Mais alegaram também a sua ilegitimidade passiva por não ter sido demandado o actual proprietário dos prédios que venderam ao segundo Réu que, por sua vez os doou a J… .

O Autor respondeu á contestação, requerendo a intervenção principal provocada dos herdeiros de sua falecida esposa que foi admitida por despacho.

Quanto á ilegitimidade passiva pugnou pela sua inexistência.

Findos os articulados, apenas foi marcada audiência prévia com a finalidade de conciliar as partes, proferir o despacho saneador, determinar os actos de adequação formal e gestão processual considerados pertinentes, delimitar o objecto do litígio e se enunciar os temas da prova, em discussão com as partes.

Na audiência prévia tentou-se sem êxito a conciliação das partes e, de imediato, foi proferida sentença que julgou verificada a excepção da ilegitimidade suscitada pelos RR constantes, absolvendo estes da instância.

Inconformado o Autor interpôs recurso de apelação da sentença, apresentando alegações de onde se extraem as seguintes conclusões:

(…)

Não consta dos autos qualquer resposta ás alegações.

Colhidos os vistos legais, cumpre decidir.

II-FUNDAMENTAÇÃO

OBJECTO DO RECURSO

Considerando que o recurso está delimitado pelas conclusões das respectivas alegações, a questão é a de saber se o Mm.º Juiz da primeira instância pode conhecer de excepção de preterição de litisconsórcio necessário passivo, sem previamente, convidar o Autor para sanar tal excepção dilatória.

A factualidade a ter em conta é a descrita no relatório.

DECIDINDO

À presente acção, instaurada em 2012, são imediatamente aplicáveis as disposições gerais e comuns do NCPC (artigo 5.º, n.º 1 da Lei n.º 41/2013, de 26 de Junho).

Dispõe o art.º 590.º n.º 2 do CPC em vigor que, findos os articulados, o juiz profere despacho saneador, com a finalidade de, além do mais, providenciar pelo suprimento de excepções dilatórias nos termos do Art.º 6, n.º 2. Determina-se nesta norma que o juiz providencia oficiosamente pelo suprimento da falta de pressupostos processuais susceptíveis de sanação, determinando a realização dos actos necessários á regularização da instância, ou quando a sanação dependa de acto que deva ser praticado pelas partes, convidando estas a praticá-lo.

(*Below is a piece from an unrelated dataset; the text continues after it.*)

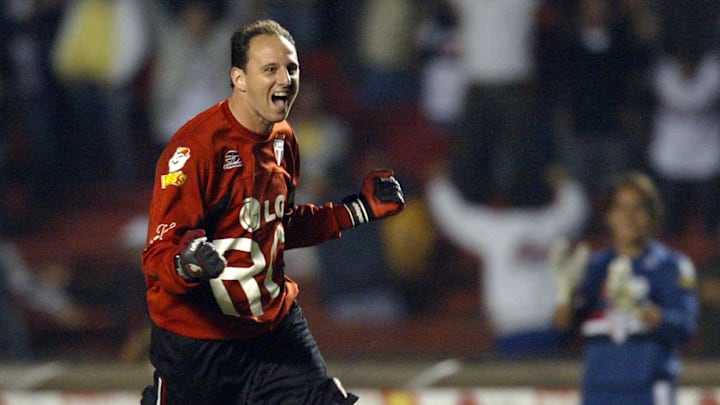 Sao Paulo's goalkeeper Rogerio Ceni cele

As ditas normas correspondem aos art.ºs 508.º e 265.º n.º 2 do pretérito CPC, sendo corolário da intensificação, no direito processual civil, do princípio do inquisitório ou da oficiosidade.

Em face dos interesses públicos inerentes á administração da justiça e ao funcionamento das instituições judiciárias, a protecção de partes mais fracas, expostas a eventuais notórias desigualdades de recursos, muitas correcções vêm sendo introduzidas ao funcionamento do princípio dispositivo, com vista á prevalência da justiça substantiva sobre a justiça adjectiva.

Atribui-se assim ao juiz o poder de direcção do processo, deferindo-lhe a competência para, em superação da omissão da parte, providenciar pelo suprimento dos pressupostos processuais susceptíveis de sanação e convidar as partes a praticar os actos necessários à modificação subjectiva da instância, quando isso se torne necessário.

E mais do que isso, determina-se que ao juiz cabe realizar ou ordenar, mesmo oficiosamente, todas as diligências necessárias ao apuramento da verdade e à justa composição do litígio, quanto aos factos de que lhe é lícito conhecer.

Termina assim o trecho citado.